Sunday, 2 August 2015

The other 'm-word' at the BBC



Just to supplement your Sunday afternoon reading, there are two more fine pieces about BBC bias at Conservative Woman.

The first is David Keighley's post The BBC’s ‘religion’ is the promotion of equality not Christianity, which notes senior BBC editor Christine Morgan's remarks on this week's Feedback about the purpose of the BBC's coverage of religion - "Part of it is explaining this fantastic multi-faith, multi-cultural society that we have back to Britain". David says:
Put another way, in BBC-land, religious output is not any more primarily focused on thinking about Christianity and religion itself or faith; it’s a medium through which the multi-cultural agenda can be pursued and amplified.
He then relates that to Roger Bolton's own criticisms of the BBC's coverage of religion (that too many BBC editors are ignorant of religion and have a 'liberal elite' outlook, that Christianity is uniquely singled out for mockery at the BBC, and social conservatives are often seen as mad) - which, incidentally, formed the subject of this very blog's first main post.

(That post was written on 28 October 2012, so the BBC clearly didn't pay much attention to Roger Bolton at the time, given the continuation of much of the same kinds of thing ever since).

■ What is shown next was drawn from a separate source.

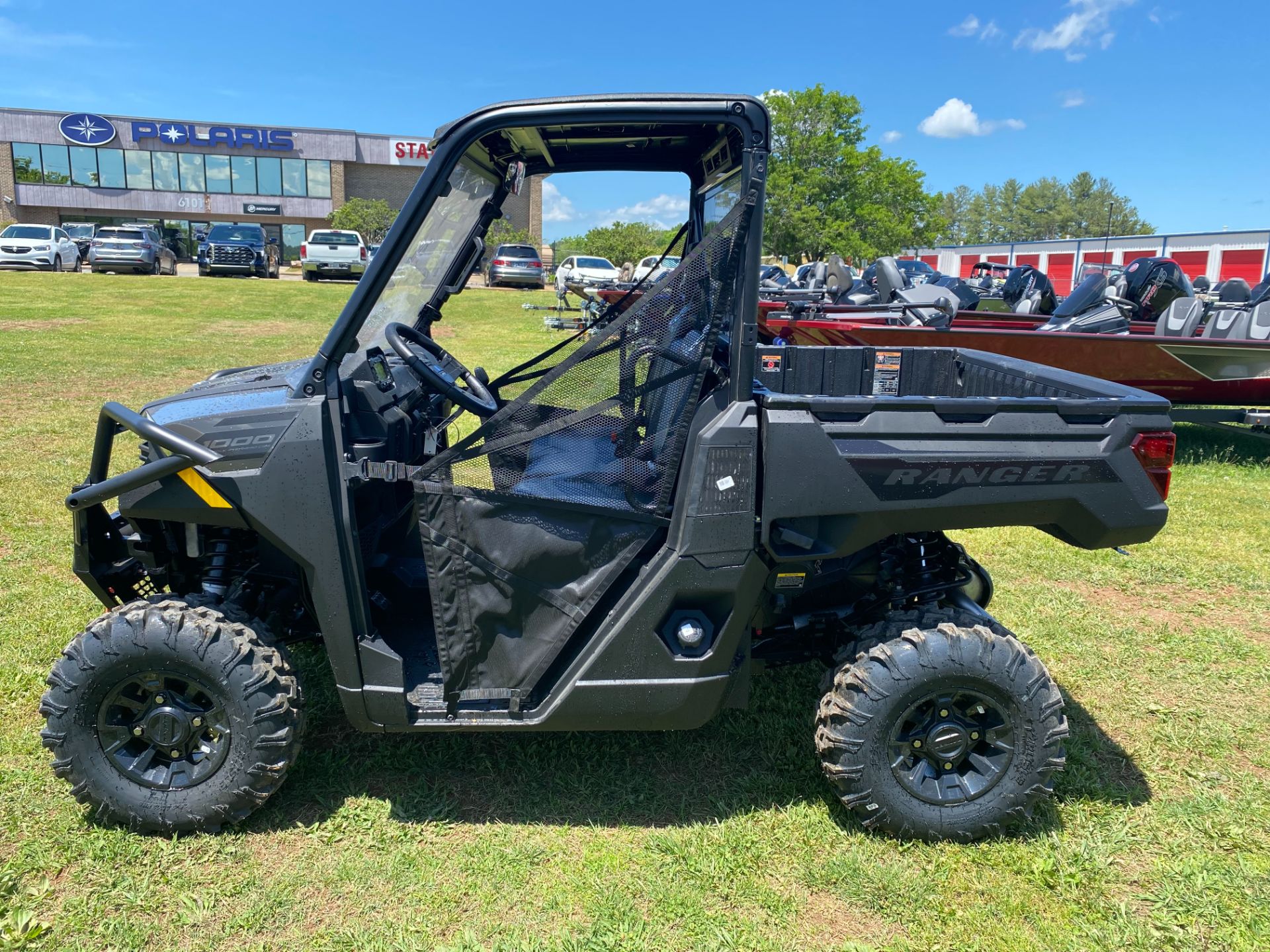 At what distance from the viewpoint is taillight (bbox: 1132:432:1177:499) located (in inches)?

The second Conservative Woman piece I'd like to recommend is Laura Perrins's PC Jenni Murray bans the word ‘mother’. Perhaps, she should now take charge of Calais, in which Laura recounts her colleague Belinda Brown's experiences of appearing on Woman's Hour. 

It seems - and it's back to 'every week is Language Awareness Week now!' territory - that Dame Jenni didn't like Belinda's use of a particular word:
....the mere mention of the word 'mother' was just too much for Jenni; she had to sit down. No hang on she was already sitting down so instead she attempted to censor, censor, her guest. Please could we use the word 'parent' instead, she asked, as sometimes fathers do this role. 
Yes, sometimes father do take on the caring role but it is mostly mothers, Belinda pointed out. 

1 comment:

  1. Well, Jenni wasn’t so much objecting to the word ‘mother’ as to the assumption that it would be the mother, rather than the father who would prefer to stay at home and not have to stick his/her child in a nursery.

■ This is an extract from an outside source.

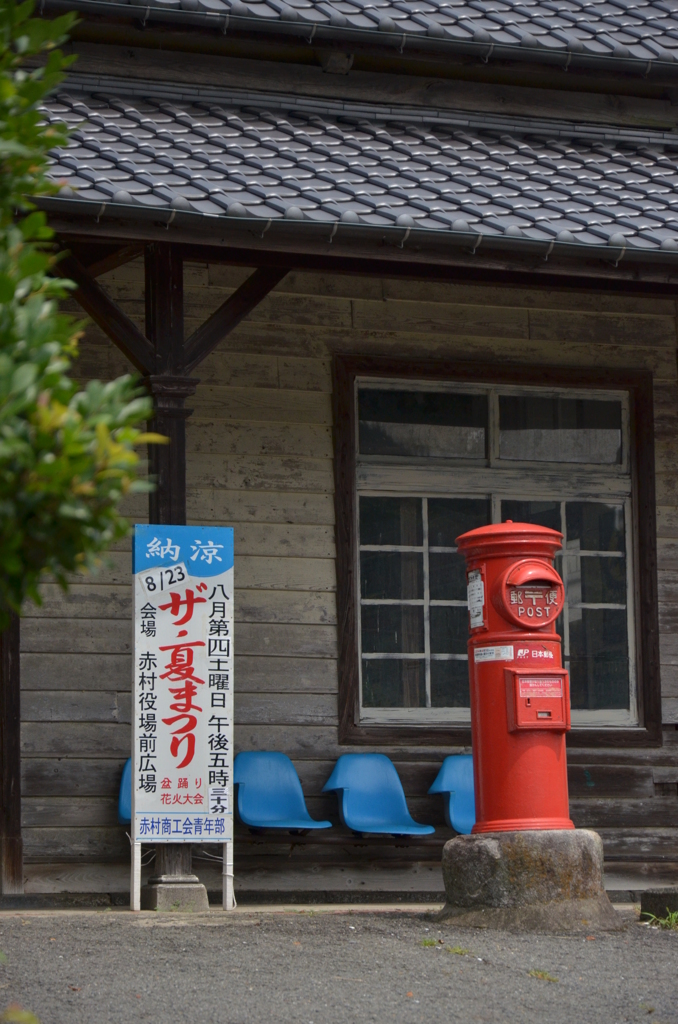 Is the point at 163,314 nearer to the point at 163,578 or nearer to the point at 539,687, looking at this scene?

    In the recent Women’s Hour interview with Jeremy Corbyn it was a given that everyone wants free or subsidised childcare so they can go out to work.
    Of course it’s not only socialists that make that assumption. The conservatives seem to think so too.

    Plenty of people would rather have their “parental subsidy” in the form of child benefit so that they could make an unforced choice about who’ll be in charge of their children during the early years.

    The language police thing is getting out of control. If a bloke decides he’s a she, for instance, you’d better not contravene the new gender realignment-on-demand regulations.